What Guys Love About Their Women


This brings us to part two of what guys love about their women, as revealed in a large poll done by a leading women’s magazine to determine what can be gleaned by what men mention first about their ladies, what they love and what they find most attractive.
Obviously, you can’t become someone that you are not, but you might be able to make a few minor changes that will help your relationship and make you more appealing to your guy. That might mean displaying your crazy sense of humor more frequently or kissing him every night before he goes to sleep, as part one of this series shared. Nothing major, but both changes could be significant to strengthening your connection to your man.
Here are two more somewhat surprising likes that guys shared about their ladies:
3. Guys love when women make an attempt to understand what matters to men.
Men in the poll responses mentioned frequently that they deeply appreciated their women evidencing some familiarity with what was important to them, whether that be sports or favorite TV shows or movies or whatever your man is into. One guy mentioned that even though his wife had never seen Star Wars, she nevertheless bought him a light saber for his birthday. Amazing love, how can it be? You don’t necessarily need to run out to the store and buy the latest version of your guy’s favorite video game, but if you show at least a little bit of interest in your guy’s passions, he will definitely notice. And, hopefully, he’ll begin (or continue) to show interest in your passions, too.
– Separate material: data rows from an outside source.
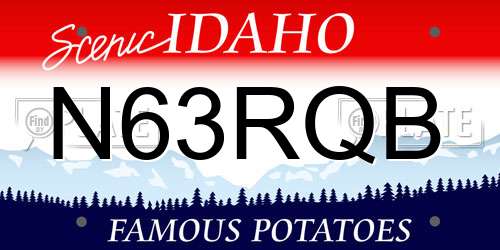 N63RQB Idaho License Plate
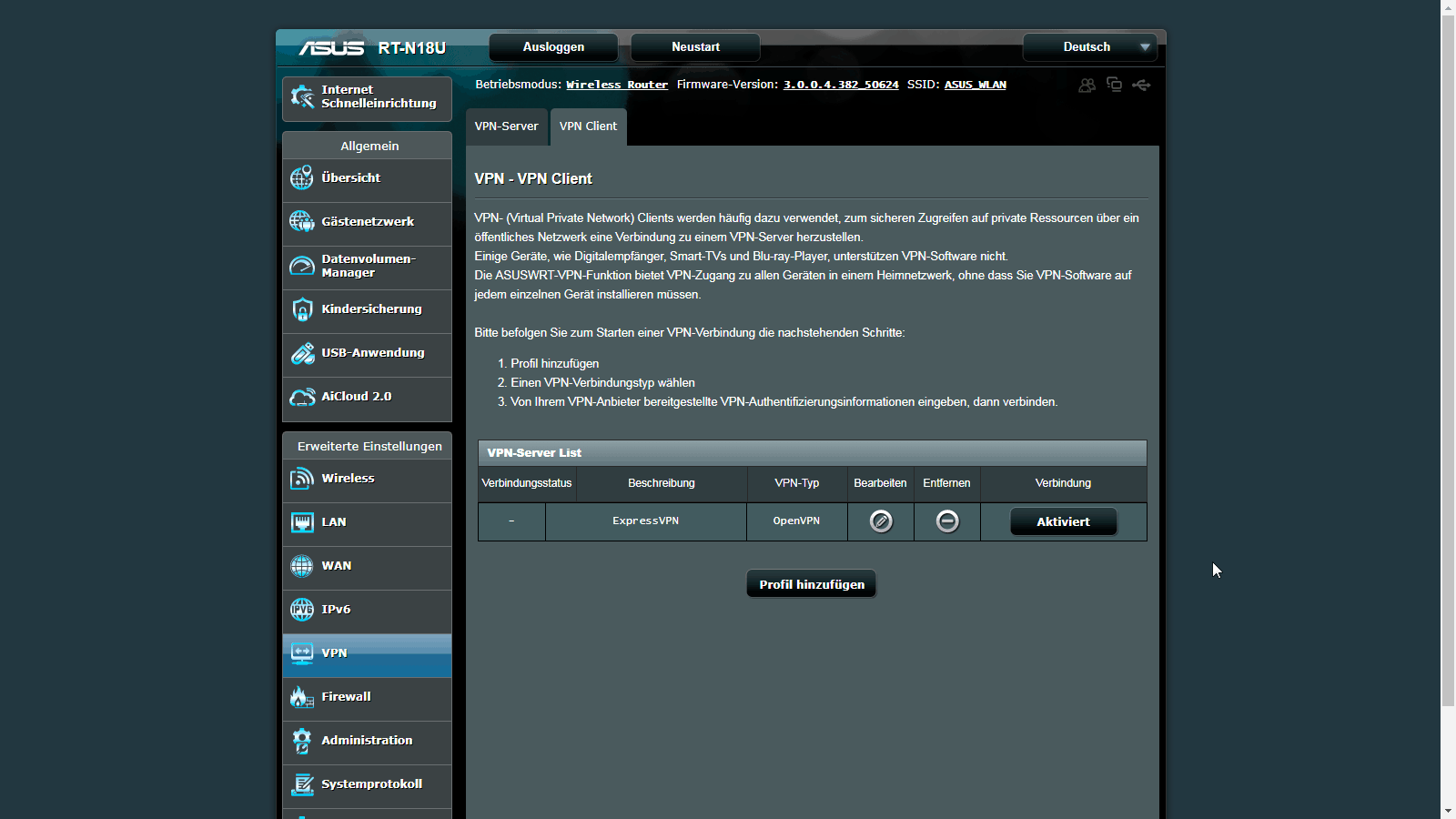 VPN Router einrichten Asus Client VPN 3
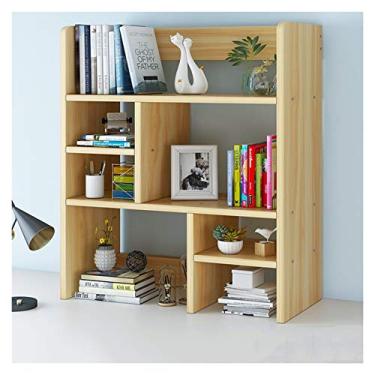 Imagem de KIZQYN Estante de 3 níveis Estante Organizador de Mesa Rack de Armazenamento de Escritório Multiuso Estante de Mesa para Escritório Cozinha Estante (Cor: Natural, Tamanho: L 23,6 polegadas)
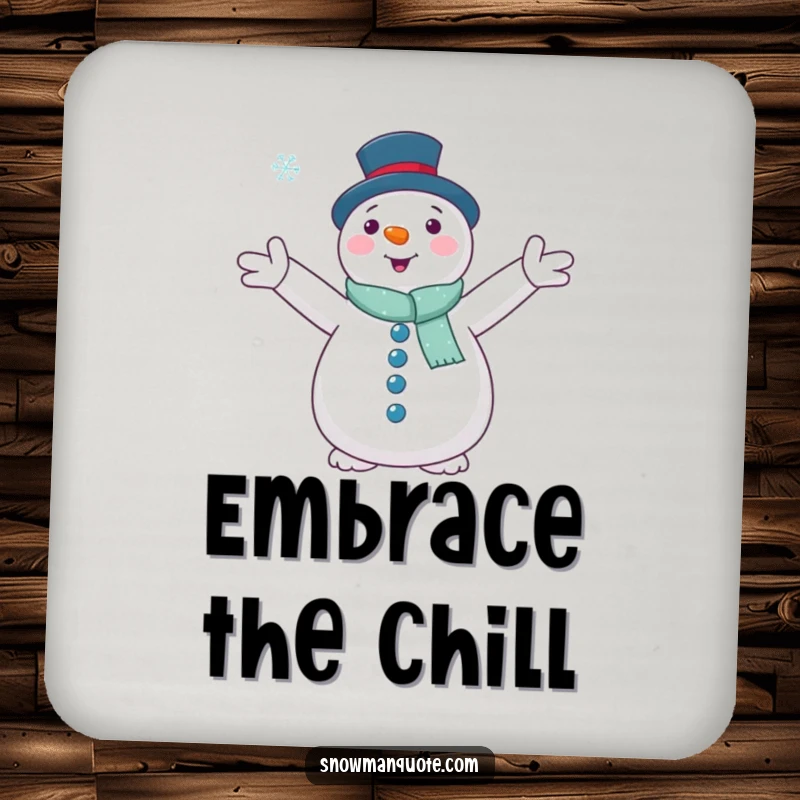 Funny snowman with outstretched arms embracing a falling snowflake, on a protective drink coaster, bringing winter tranquility.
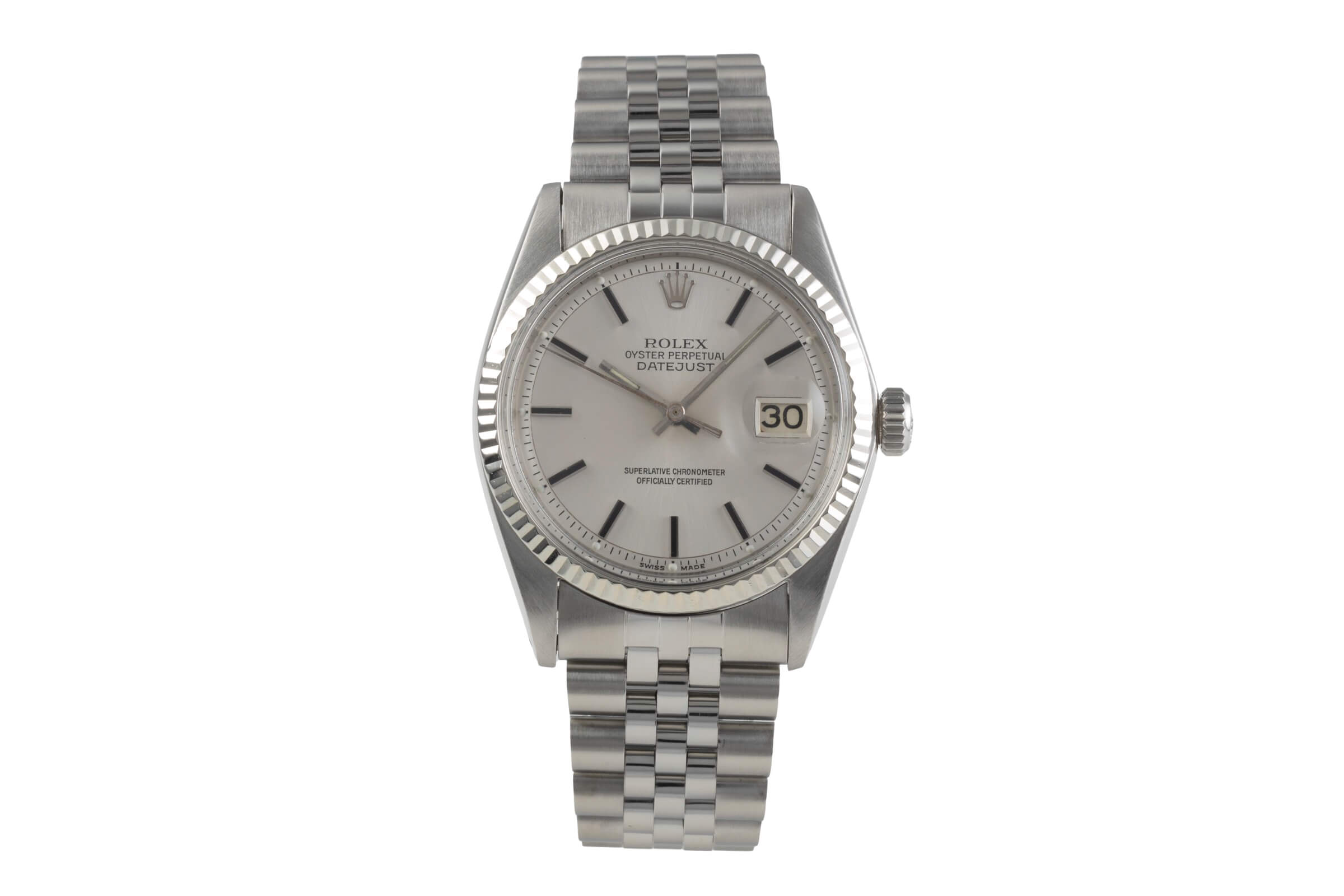 Rolex Datejust steel / white gold automatic men's watch 1601  [2402511]
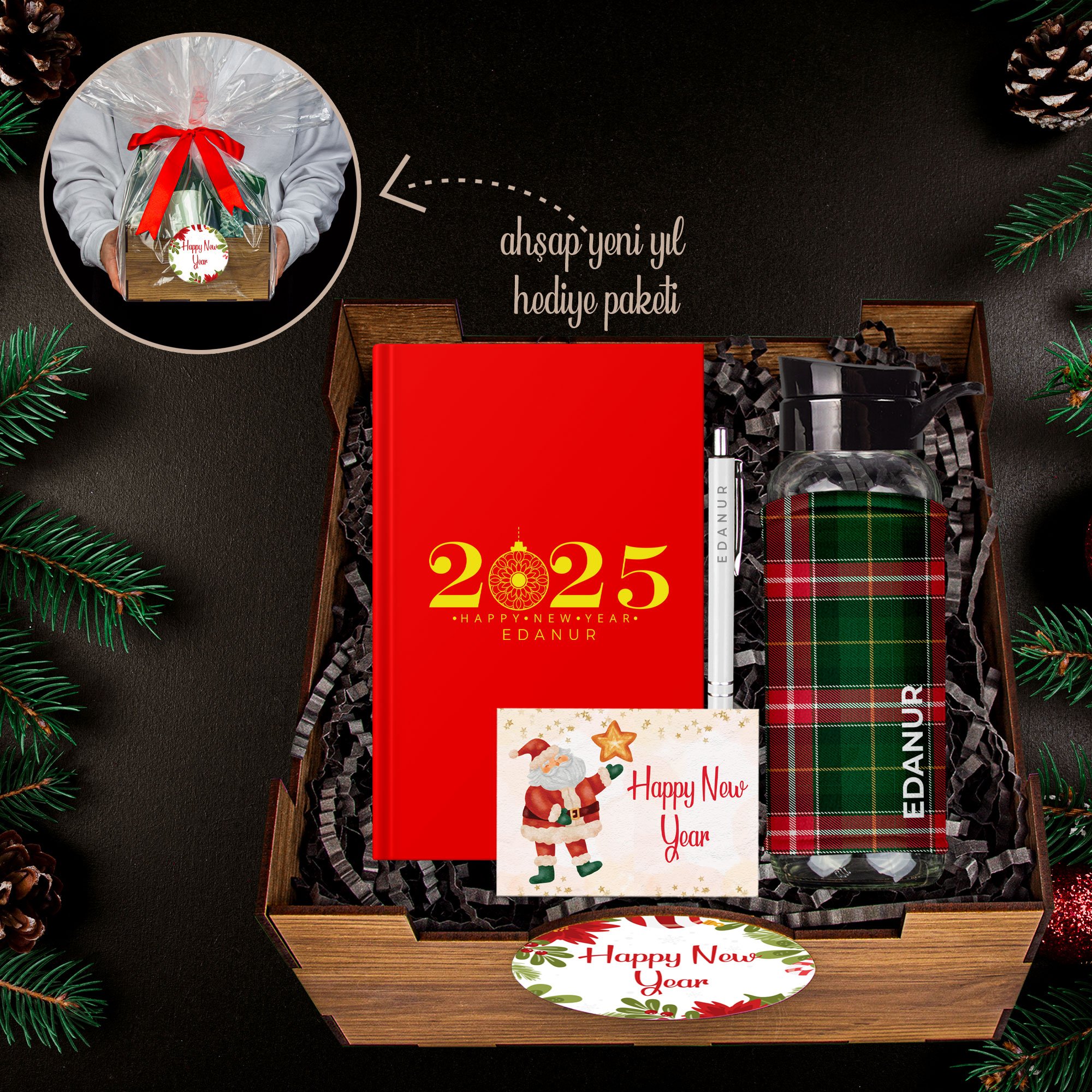 eJOYA Yeni Yıla Özel Defter Ve Kalem & Matara & Ahşap Hediye Sepeti 114435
Another guy said that his wife tries to talk sports with him, and even though she doesn’t make a whole lot of sense, he loves it and never corrects anything that she says. In other words, guys like it so much when you enter into their worlds for a few moments at a time, that even if you make nonsensical comments about those worlds, your man will eat it up. Make an effort to find out at least a little bit about your guy’s hobbies. What can you discover about woodworking? Deer hunting? Tennis? Even a surface knowledge of your man’s favorite pastimes will go deep in communicating to him that you are interested in who he is as a person, and even though you might think his obsession with Star Trek is a little weird, you are not going to judge him for it. What you are basically communicating to your man is that you love him for who he is. That’s always a winning message!
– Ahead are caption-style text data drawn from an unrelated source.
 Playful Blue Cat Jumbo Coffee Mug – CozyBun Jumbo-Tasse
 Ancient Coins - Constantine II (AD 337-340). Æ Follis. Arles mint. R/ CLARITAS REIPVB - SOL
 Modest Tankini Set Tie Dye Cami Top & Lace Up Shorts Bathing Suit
4. Guys love women who help with the navigation.
This should come as no surprise to those who have ridden shotgun while their guy drives. This sometimes testy partnership has been fodder for many a comedy routine and, unfortunately, many a story about a huge fight. The fact is guys like women who do pay a bit of attention while they are on the road together. That doesn’t mean that you have to have eagle eyes every second that your car is zooming down a desolate highway. It does mean that an extra set of eyes can be helpful at crucial times.
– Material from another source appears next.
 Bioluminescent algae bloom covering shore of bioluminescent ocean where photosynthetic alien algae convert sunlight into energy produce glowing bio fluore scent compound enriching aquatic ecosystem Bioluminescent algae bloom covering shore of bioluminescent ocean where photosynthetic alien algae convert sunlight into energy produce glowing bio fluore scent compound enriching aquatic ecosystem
Even though the widespread usage of the GPS has changed the vital role of the co-pilot (for the guys who use a GPS, at least), not even a super-sleek electronic navigator can spot all the perils of the road. One guy mentioned that his wife always seems to spot state troopers before he does, which has certainly saved him a hefty amount in speeding fines. Other guys love it when their woman is able to read street signs while they are driving, helping them to figure out where they need to turn. Heck, some guys need a woman around to even understand when he is to turn in obeying the GPS (there are many, many confirmations of this phenomenon).
If you can devote just a few minutes to helping your guy see all that he should as he drives, he will love you for it. Again, he’s not expecting you to be a human GPS, but even a little bit of help can make the difference between him being a very frustrated driver who is again lost and the guy who shows up nice and calm for his first visit with your parents. Your role in the passenger’s seat can make that difference.